===== DATA =====

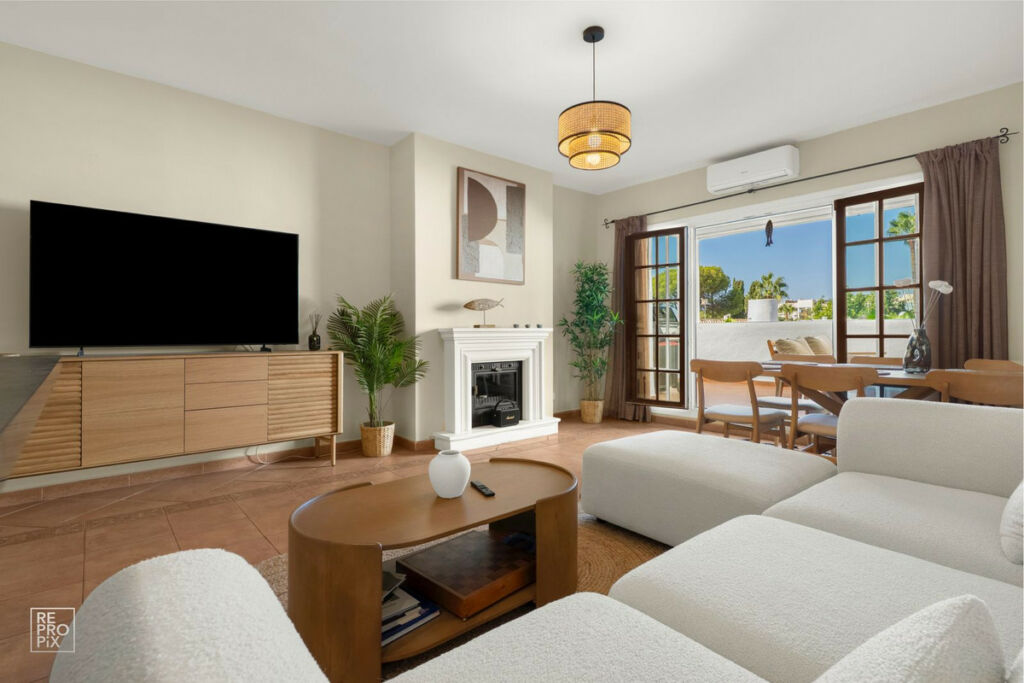 Middle Floor Apartment Puerto Banús Málaga - image 2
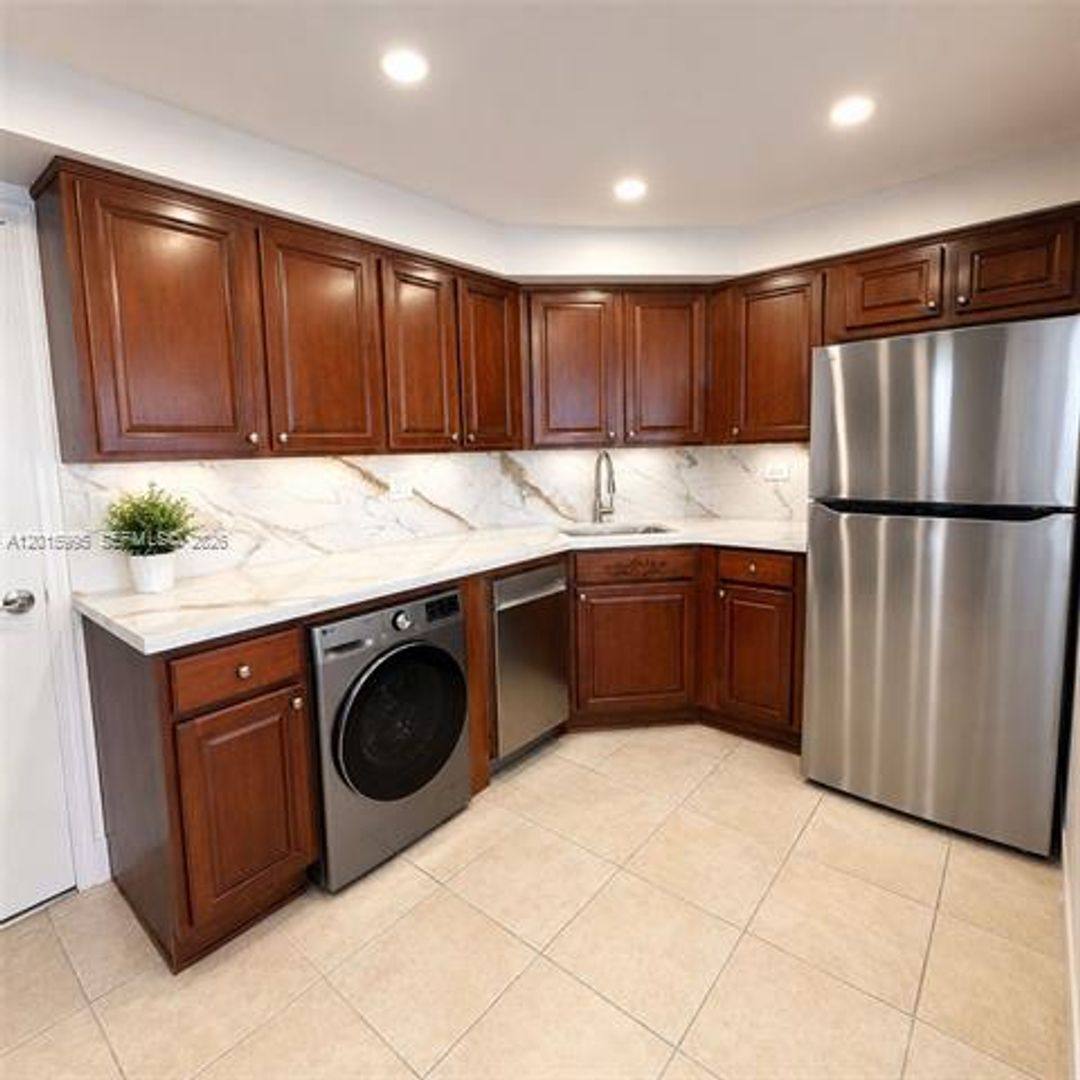 Apartment for rent at 1408 Brickell Bay Dr, Miami, FL 33131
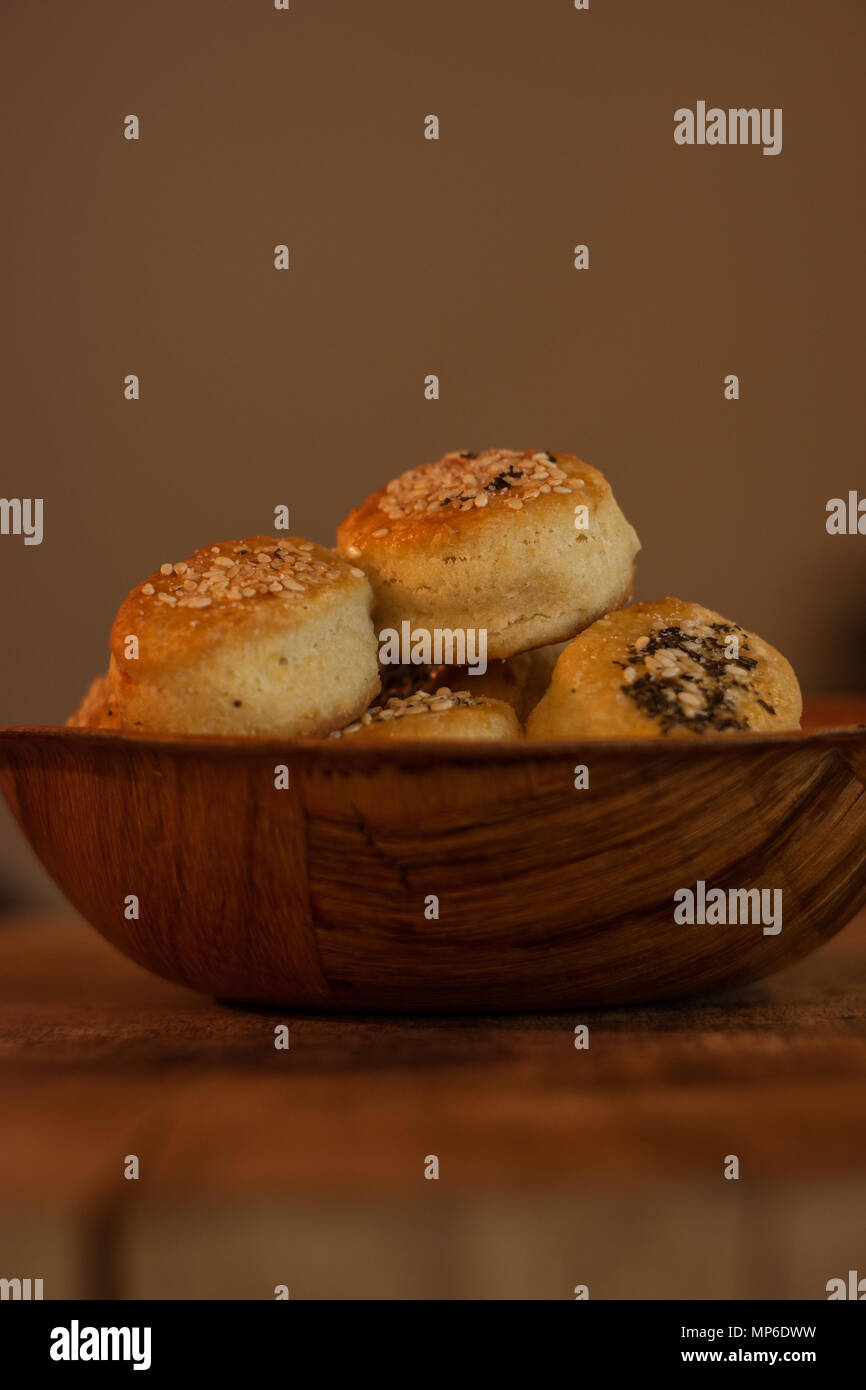 Pasticcini con sesamo e origano servito in tazza di bambù Foto Stock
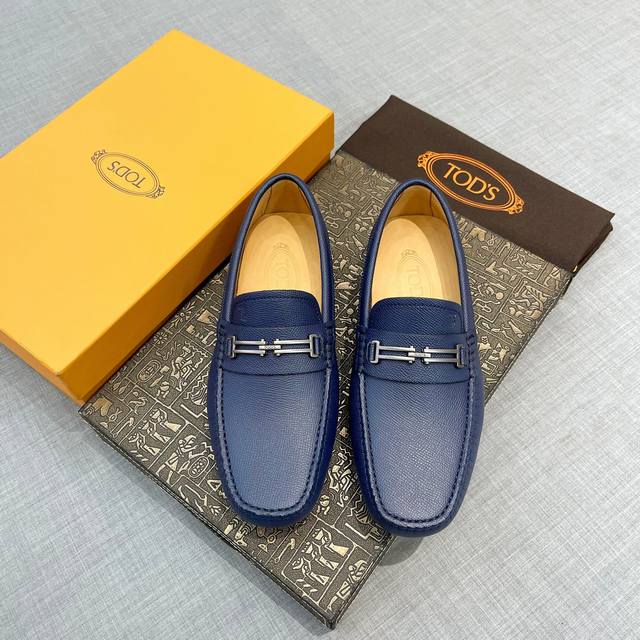 Tods 男士豆豆鞋 专柜同步新款 高端品质 蜥蜴纹杏色牛里.原版包装。深蓝色，尺码38-45。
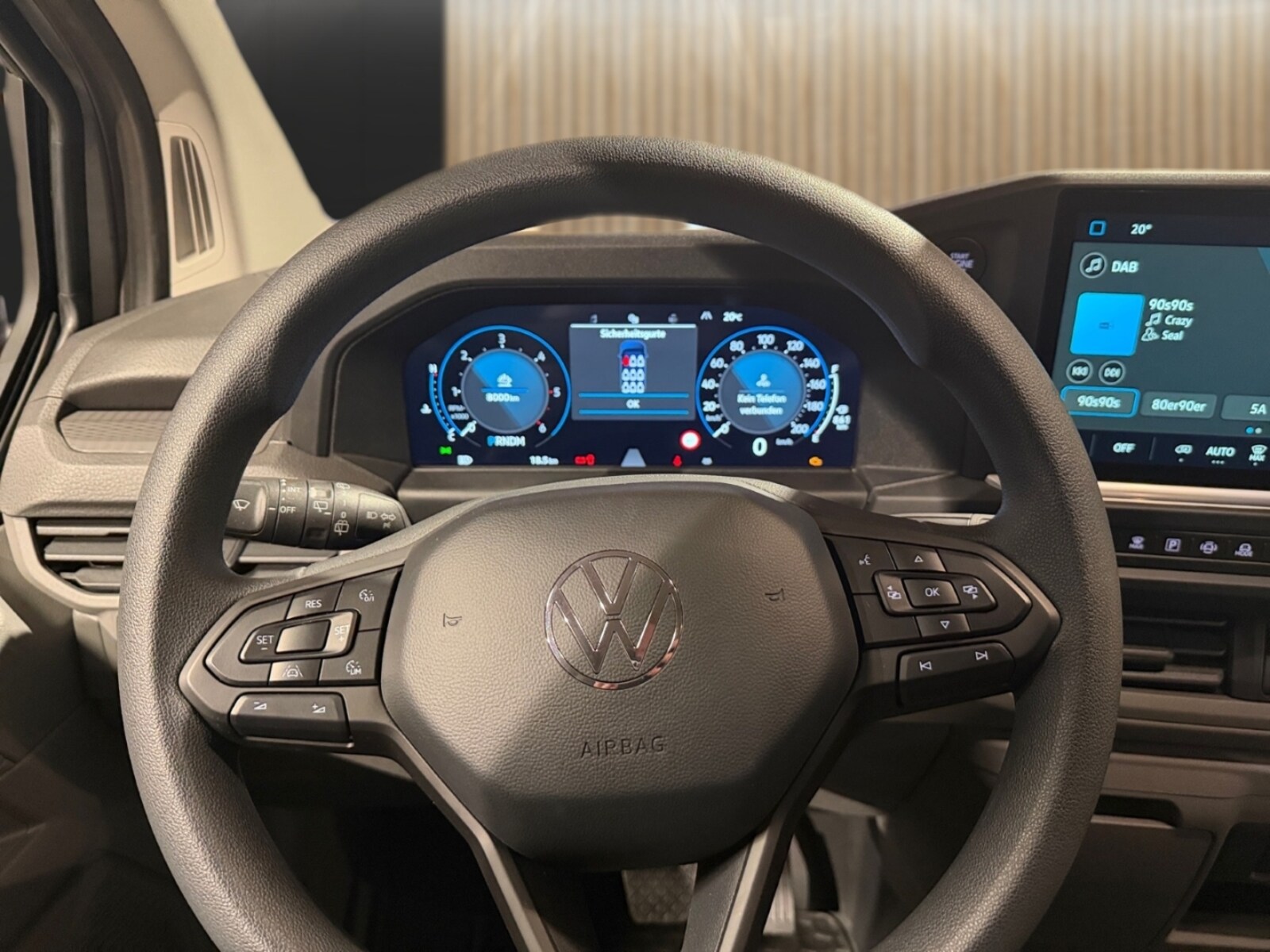 Volkswagen Transporter Kombi kurzer Radstand – Bild 8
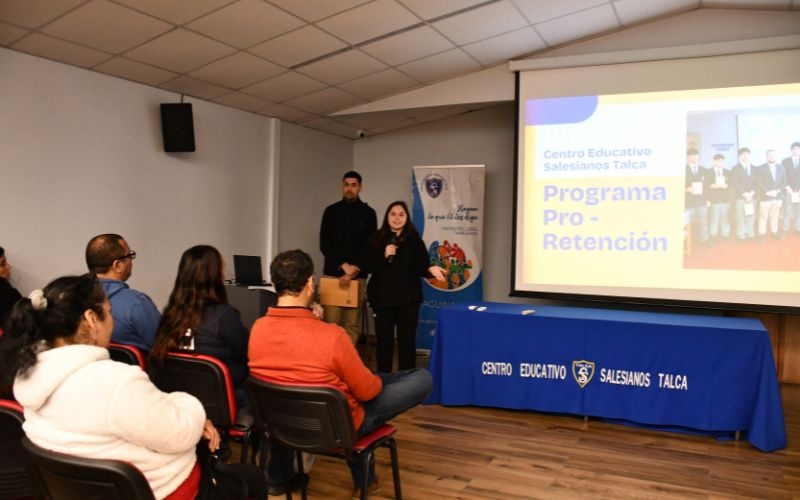 CEST informa a apoderados sobre Programa Pro-Retención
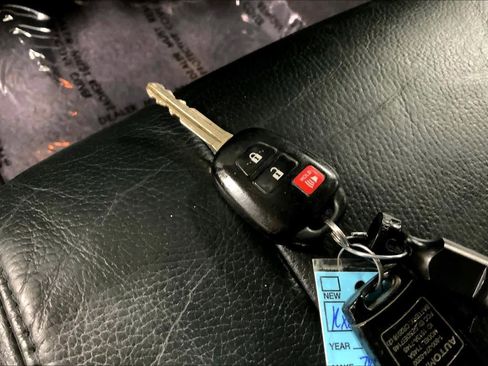 Used 2019 Toyota Tundra Limited w/ Limited Premium Package image 15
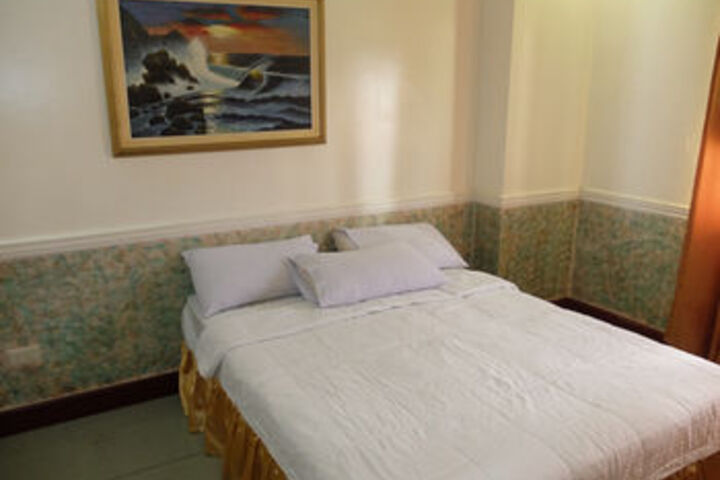 Room 34 of 89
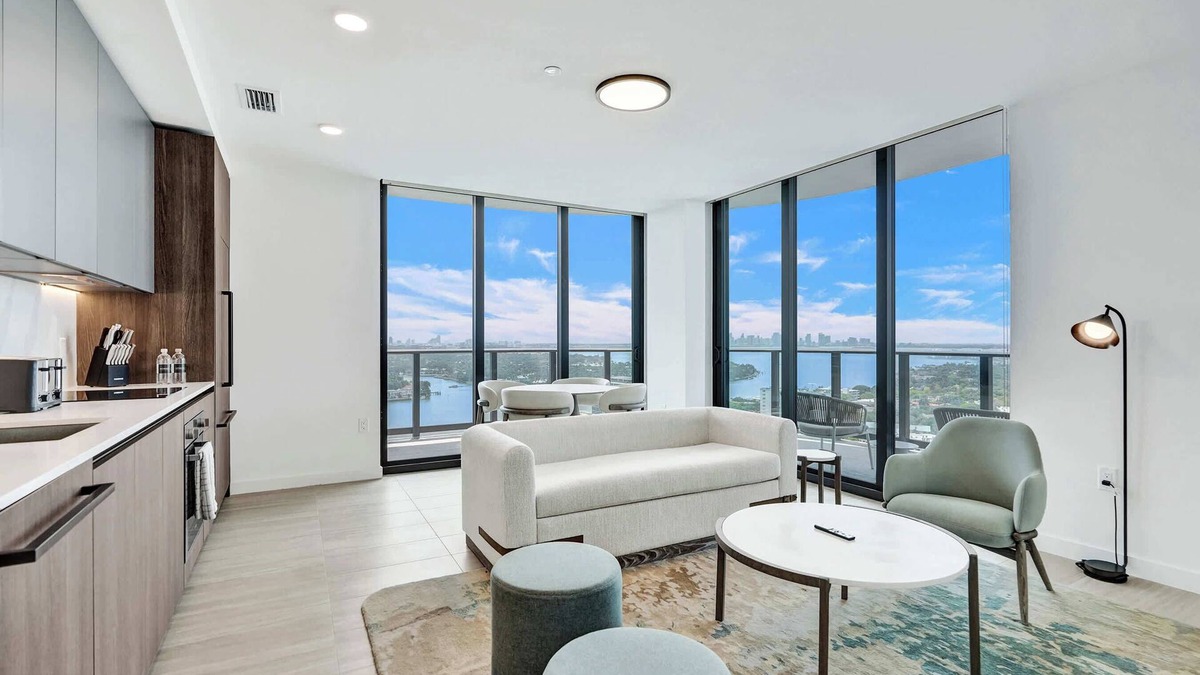 North Beach Condo | NEW: Stylish 2BR/2BA in the Heart of Miami Beach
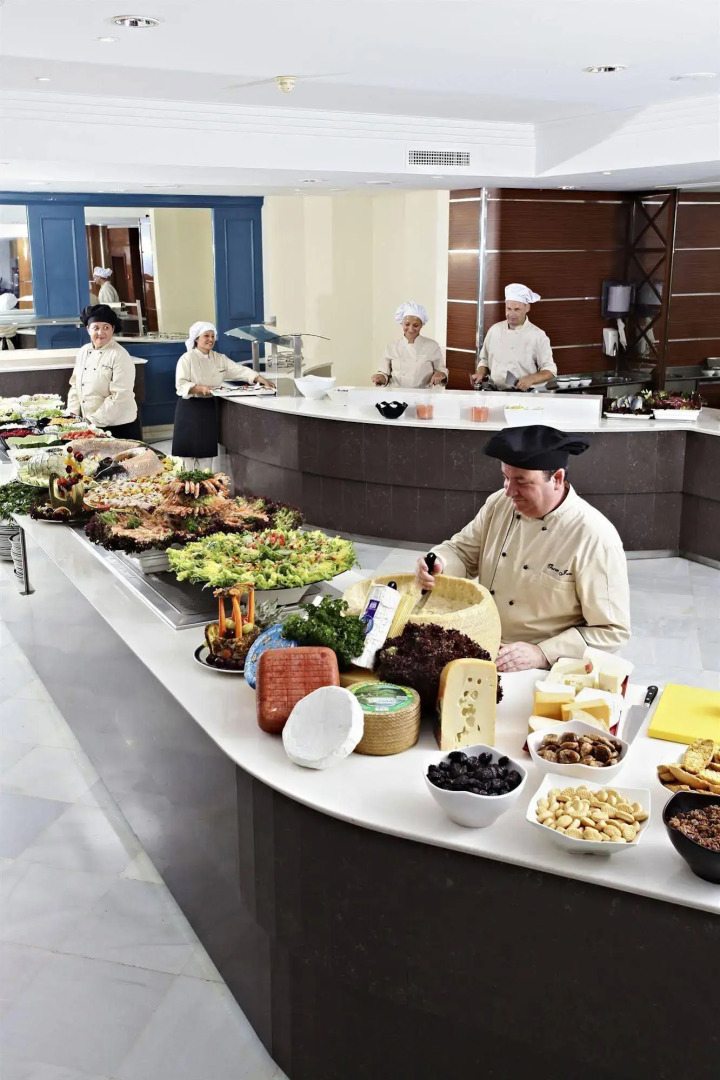 Hotel Serrano Palace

=====

BRIEF
Without any pictures, transcribe the listing above exactly as written.

REPLY
 Middle Floor Apartment Puerto Banús Málaga - image 2
 Apartment for rent at 1408 Brickell Bay Dr, Miami, FL 33131
 Pasticcini con sesamo e origano servito in tazza di bambù Foto Stock
 Tods 男士豆豆鞋 专柜同步新款 高端品质 蜥蜴纹杏色牛里.原版包装。深蓝色，尺码38-45。
 Volkswagen Transporter Kombi kurzer Radstand – Bild 8
 CEST informa a apoderados sobre Programa Pro-Retención
 Used 2019 Toyota Tundra Limited w/ Limited Premium Package image 15
 Room 34 of 89
 North Beach Condo | NEW: Stylish 2BR/2BA in the Heart of Miami Beach
 Hotel Serrano Palace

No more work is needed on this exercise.